DATASET EXCERPTS ->
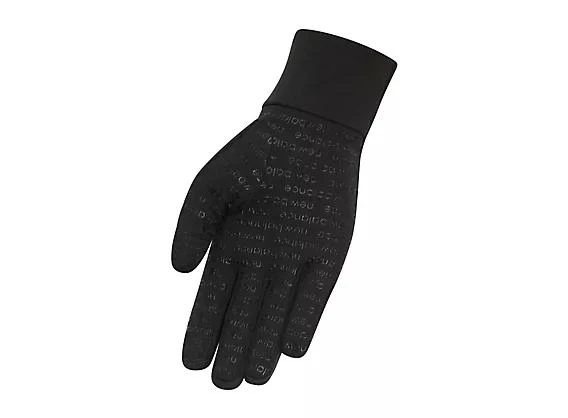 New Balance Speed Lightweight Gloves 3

--

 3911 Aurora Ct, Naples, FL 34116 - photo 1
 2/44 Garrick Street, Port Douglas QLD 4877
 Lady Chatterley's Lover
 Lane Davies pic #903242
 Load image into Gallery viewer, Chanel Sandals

* * *

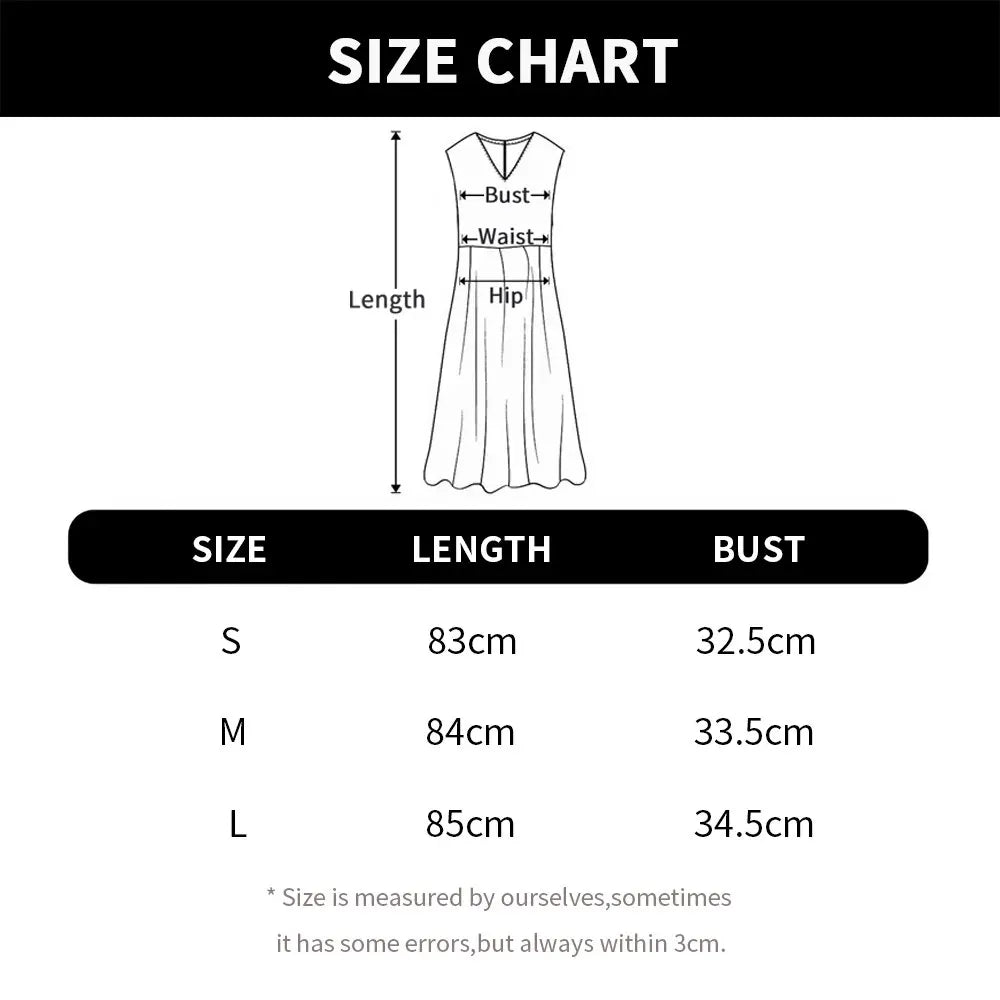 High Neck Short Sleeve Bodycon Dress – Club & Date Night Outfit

WORK REQUIRED ->
Please reproduce exactly the lines in the listing above from the one containing "3911 Aurora Ct, Naples, FL 34116 - photo 1" through the one containing "Load image into", both included, and nothing more.

EXERCISE ANSWER ->
 3911 Aurora Ct, Naples, FL 34116 - photo 1
 2/44 Garrick Street, Port Douglas QLD 4877
 Lady Chatterley's Lover
 Lane Davies pic #903242
 Load image into Gallery viewer, Chanel Sandals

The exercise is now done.